The second factor is also satisfied. Appointment of a receiver is "especially appropriate when the property interest involved is intangible, lacks a ready market, and presents nothing that a sheriff can work with at an auction." (Hotel 71 Mezz Lender LLC v Falor, 14 N.Y.3d 303, 317 [2010] [internal quotation marks and citations omitted].) A receiver can work with Grupo's shares in STP, its private Mexican subsidiary, to satisfy the Judgment. (See e.g. Pala Assets Holdings, Ltd. v Rolta, LLC, 2021 WL 3725604, *3 [Sup Ct, NY County, Aug. 23, 2021, No. 652798/2018], affd as mod 206 A.D.3d 438 [1st Dept 2022].) "CPLR article 52 contains no express territorial limitation [and] the Legislature intended CPLR article 52 to have extraterritorial reach." (Id., *2 [internal quotation marks and citation omitted]; see also Honeedew Investing Ltd. v Abadi, 2021 WL 126339, *2 [Sup Ct, NY County, Jan. 11, 2021, No. 652654/2017] [collecting cases]; Hotel 71 Mezz Lender LLC, 14 N.Y.3d at 317 [receivership over LLC interests outside of New York].)

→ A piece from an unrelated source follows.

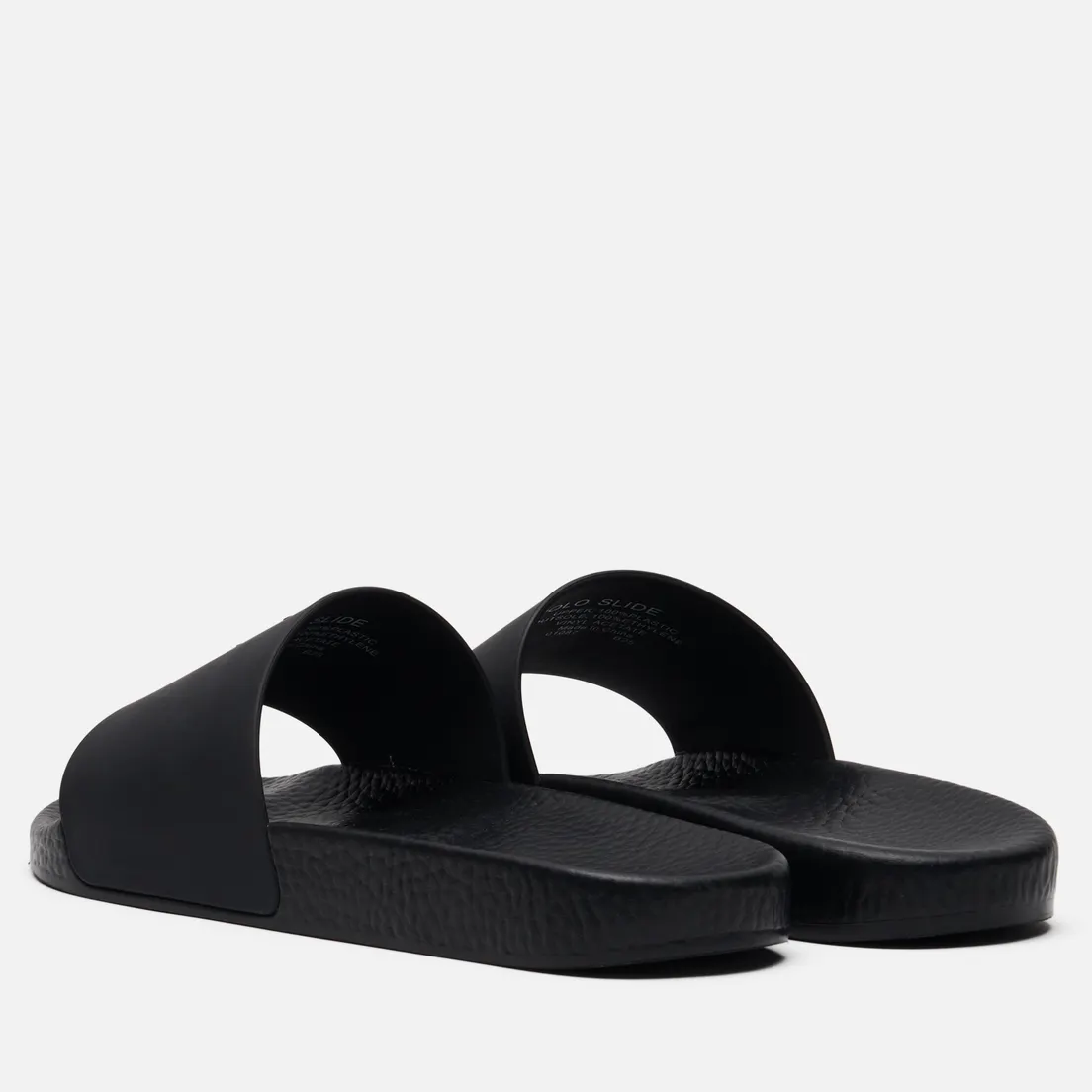 Polo Ralph Lauren Мужские сланцы Signature Pony Slide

The court rejects Grupo's argument that the receiver will not increase the likelihood of satisfaction of the Judgment because the powers granted to the receiver violate Mexican law. The receiver must comply with the law. Grupo's expert opinion fails to establish that the proposed order directs the receiver to violate the law. Indeed, New York law is otherwise. CPLR 5228 (a) authorizes a receiver to engage counsel for this very reason. The proposed order contemplates such difficulty and includes a provision for appointment of Mexican counsel. (NYSCEF 595, Proposed Order at 4.) Rather, Grupo's expert establishes that the receiver's task will be difficult. Accordingly, the expert opinion supports the appointment of a receiver.
"As long as the court has personal jurisdiction over a judgment debtor in possession of the property, it can exercise authority over its extraterritorial property," including its shares in foreign subsidiaries. (Pala Assets Holdings, Ltd., 2021 WL 3725604, *2 [internal quotation marks and citation omitted].) Grupo's argument that receiver may not be appointed over foreign subsidiaries is simply wrong. (See Gryphon Dom. VI, LLC v APP Intl. Fin. Co., B.V., 41 A.D.3d 25, 31-39 [1st Dept 2007] [ordering debtor "to turn over stock certificates" in foreign subsidiaries "wherever located"]; BFAM Asian Opportunities Master Fund, LP v China Huiyuan Juice Group Ltd., 2023 NY Slip Op 32810[U], *3 [Sup Ct, NY County] ["directing Defendants to turn over to Plaintiff … the corporate ownership interests [in 20 Chinese subsidiaries]"].)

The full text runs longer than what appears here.